Shrinking demand is found in orders falling by 1.1 percent for durable goods, such as motor vehicles, heavy machinery and iron and steel, and by 1.5 percent for non-durable goods, products such as oil and chemicals.  Orders for motor vehicles fell by 2 percent, orders for heavy machinery plunged by 12.3 percent, and orders for iron and steel fell by 2.3 percent.

Facts such as these are simply the facts.  The questions come from causes and solutions which are far from simple.  To find the root causes to our current manufacturing slump requires looking at what has caused the overall economy of the United States to be teetering on the edge of disaster which includes our dependency on the Federal Reserve Bank, government regulations that cripple American manufacturing, and our government’s lopsided dealings with the World Trade Organization (WTO) which has flooded our markets with cheap, and cheaply made, foreign products such as the torrent of clothes, electronics, toys, pet foods, and other products surging out of China, and made fair trade difficult for American manufacturers.

By allowing a private bank, the Federal Reserve, or “The Feds,” our central bank run by unelected officials who are not required to be open or accountable to anyone, to continue to increase the money supply, our government continues to make each dollar worth less so the cost of raw materials for manufacturers continues to increase and the buying power of the American consumer decrease.  Why would our Congress do such an illogical thing?
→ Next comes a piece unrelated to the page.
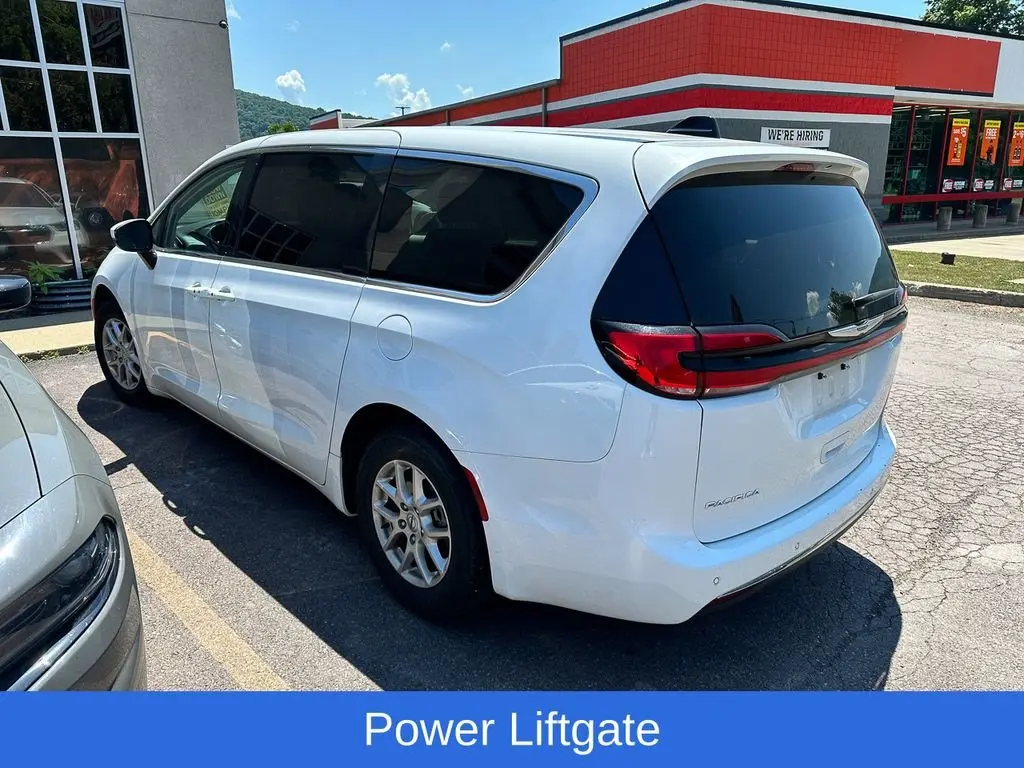 2023 Chrysler Pacifica Touring L photo 5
The answer seems fairly obvious, our politicians appear to be intent on spending America into bankruptcy, and the Feds are happy to print money to assist them in running up our more than nine trillion dollar debt, much of which is owed to them and their cronies, the central banks of China and Saudi Arabia.  Then, of course, our government’s solution to “our” debt is always higher taxes and less tax breaks for companies and individuals alike, which in turn lowers profits for companies and decreases the spendable cash of American consumers.

The huge numbers of new government regulations that have been imposed over the last four decades have further crippled American manufacturing companies’ ability to be competitive on the world market.  A 2003 study by the National Association of Manufacturers Businesses (NAM) showed that the cost to American manufacturers for environmental, addition business taxes, health care and OSHA compliance was $160 billion. In 2003, these costs were about 22.4 percent higher for American manufacturers than for their foreign competitors, and with the rising cost of energy and the falling dollar, our manufacturers face an even greater disadvantage over their competitors. It would seem, however, that the importance of manufacturing as a major backbone of our economy and our true defense against recession is beyond the comprehension of our brilliant Washington policymakers and the three comrades that main stream media hails as our only presidential candidates.
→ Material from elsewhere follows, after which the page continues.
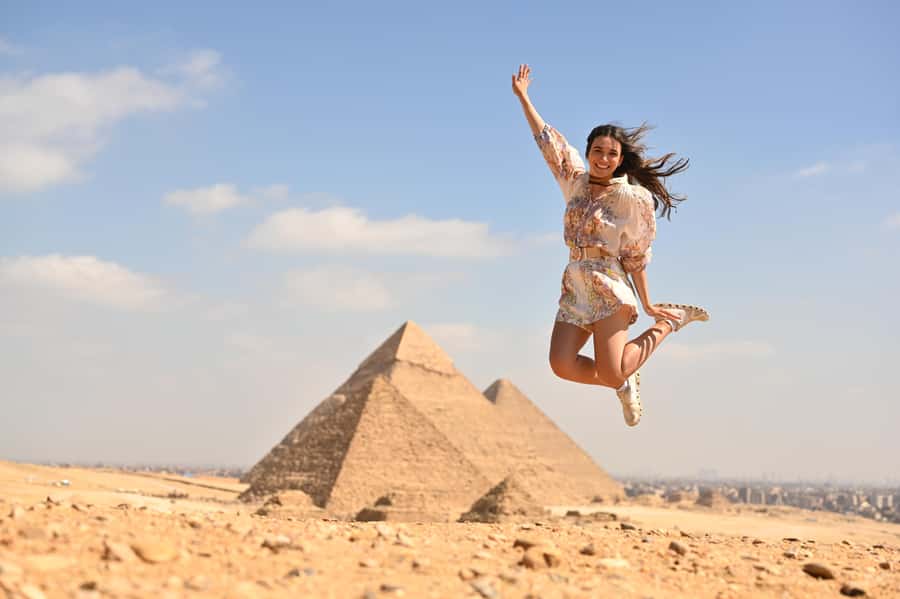 Cairo: Egyptian Museum, Pyramids & Bazaar Tour - Key points at a glance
Our government’s dealings with the WTO has flooded our markets with cheap, and cheaply made, foreign products such as the torrent of clothes, electronics, toys, pet foods, and other products surging out of China and has dictated import and export regulations that put our manufacturers at a distinct disadvantage. The WTO, established in 1995, establishes and enforces rules for global trading. As long as we remain a member, the United States is subject to WTO disciplines on its own "market access" trade laws. The WTO has ruled that the steel tariffs imposed by President Bush were illegal. This ruling was the sixth consecutive major loss in safeguard cases for the United States at the WTO. The trade panel also awarded Europe the right to impose $4 billion worth of trade sanctions against the United States for giving tax breaks to American exporters through foreign sales corporations. In its first decision on an Internet-related dispute, the WTO ruled that the United States policy prohibiting online gambling violates international trade law.  When an organization from abroad starts dictating American internal policies and laws and crippling our manufacturers, our politicians should reconsider our involvement with the WTO.

While a strong U.S. manufacturing sector is critical to pulling our country out of its economic woes, few of our politicians appear capable of comprehending that sending our best blue collar jobs overseas creates consumer havoc here.  What our politicians need to do is to stop letting the Feds print money that drives us deeper in debt and ensure that the economic and political freedoms that let true capitalism work are in place for our country’s manufacturers and let the best workforce in the world get to work.  The American consumer and worker must also take on some responsibility and quit buying low dollar, and perhaps deadly as we have seen in the recalls of the last year, foreign products and demand American products.